Mechanical Turk is an online marketplace for work. Any US resident can commission a small task for a small fee to digital workers from all around the world. A task can be digitalization, transcribing visual or audio data, translating, writing reviews or comments or solving 'captchas'.
My job offer was as follows: 'Stand up. Do 1 minute of exercise. Make a snapshot of yourself using your webcam. Upload the image to any image sharing service. Paste the URL of your uploaded image below and get paid 0.50$'
The visual result of was a series of webcam portraits taken by Amazon's Mechanical Turk workers of themselves in their own working environment. The current series consists almost a hundred photos.
My initial observation was – prior the project idea was born – since factories are becoming more and more automatized and robotised less and less human labour is in need in the factories. Literally factories producing unemployment. This phenomena amazed me I decided to dedicate a project for it.
I faced the problem: how will I transform this observation into an artistic project? It is a short, one line statement easily expressible by words. If this observation itself is so simple: is it worthy to deal with? My instinct told me yes.
For a long time I was just struggling – I could not come up with a solution.
I researched the topic and my research (and tutorial with Phd Aymeric Mansoux) led me to my final tool / platform that could carry all the theories I dealt with previously and turn it into a stable realizable art project.
After got to know about the platform I signed up as worker myself.

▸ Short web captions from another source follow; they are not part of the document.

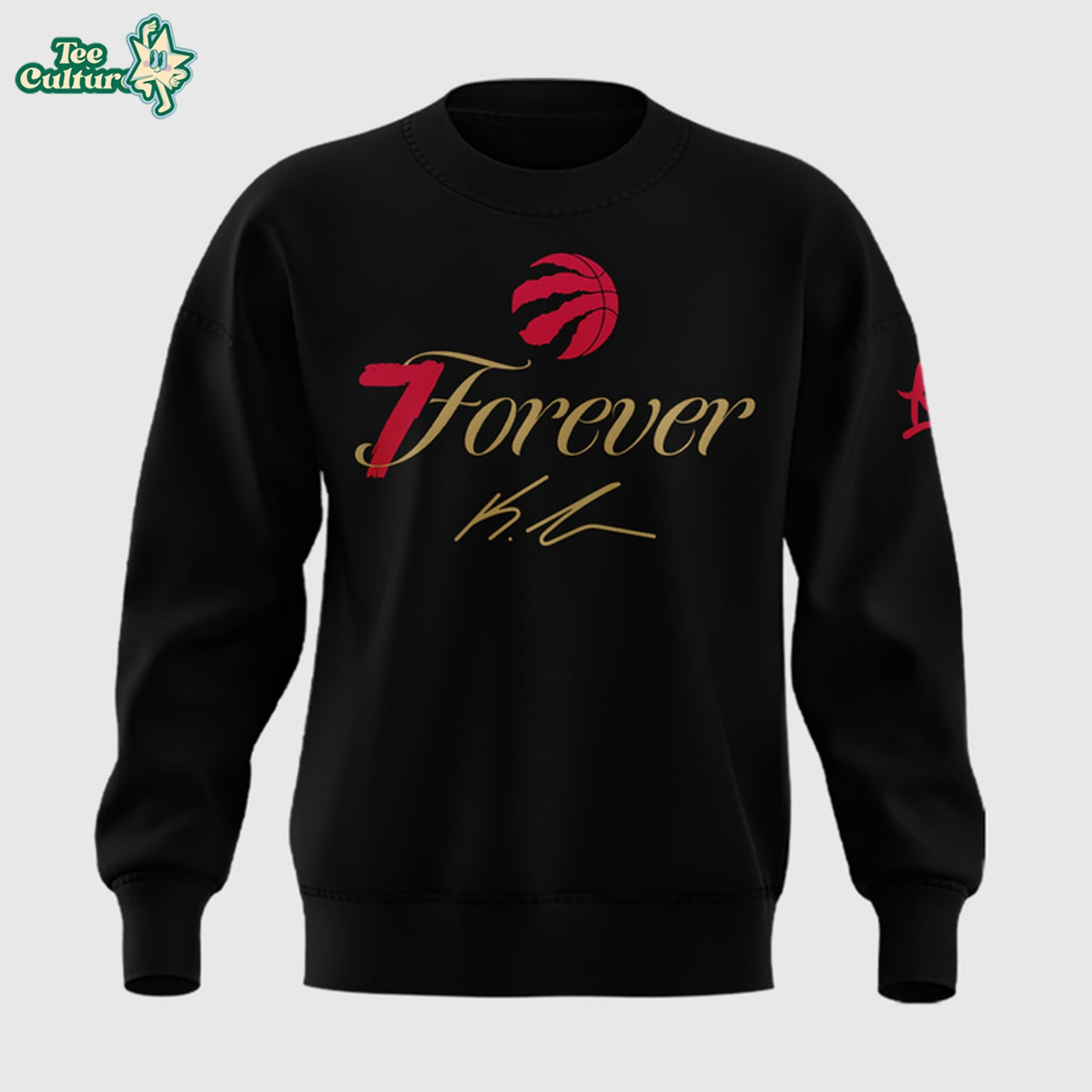 Limited Edition Toronto Raptors Kyle Lowry Groat7 Sweatshirt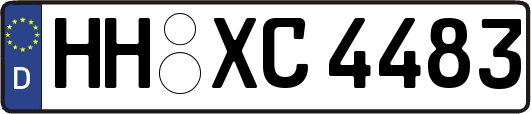 HH-XC4483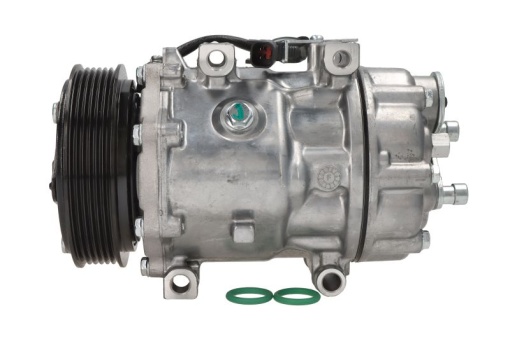 Compresor climatizare potrivit VOLVO C30, C70 II, S40 II, V50; FORD C-MAX, FOCUS C-MAX, FOCUS II, FOCUS II/KOMBI, KUGA I 2.0D/2.4D 10.03-06.13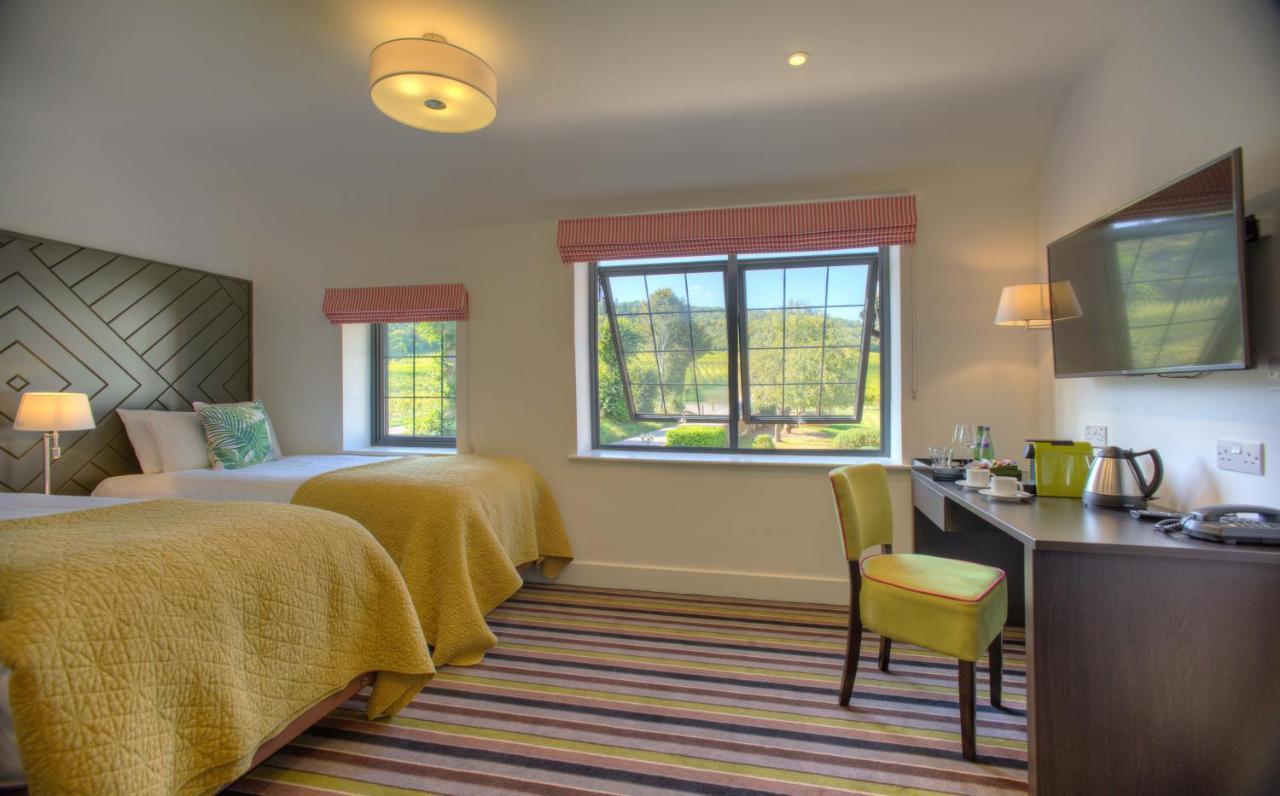 Denbies Vineyard Hotel Доркинг Экстерьер фото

I experienced the true exploitation and the boring almost robotic, monotone tasks. And I made almost no money at all, at least an amount that has almost zero real value in Western-Europe. But not in some other places.
I could not almost believe that there are hundreds and thousand of people working using this platform.
I was initially interested and curious to find out who are they: to see these working people. So one of the few rules established: 'your face has to appear on the photo'.
To offer a job on Mechanical Turk platform is almost as easy as updating your status or edit a wiki page.
The body of the offer was simple, pure and clearly understandable but the same time specific: use your webcam. This way I could achieve a secondary content: their 'working' environment which is in the case of these workers their own home sometimes even their own bedroom.
The last decision I had to make to define the amount of money I will give away after each completed task – meaning receiving a link of a photo that satisfies the criteria. After a short research on the general amount of payment I decided to pay half a dollar for each photo – an amount that attracts these workers immediately. For them half a dollar is a lot of money for such a task that is easy and quick to complete – and for me this image collection worth a lot more. With some aim of luck this project of mine could be successful.
This is why is also debatable whether my behaviour – as the artist – is generous whether exploiting – I admit this coin has also two sides: I believe it raises the importance of this particular project.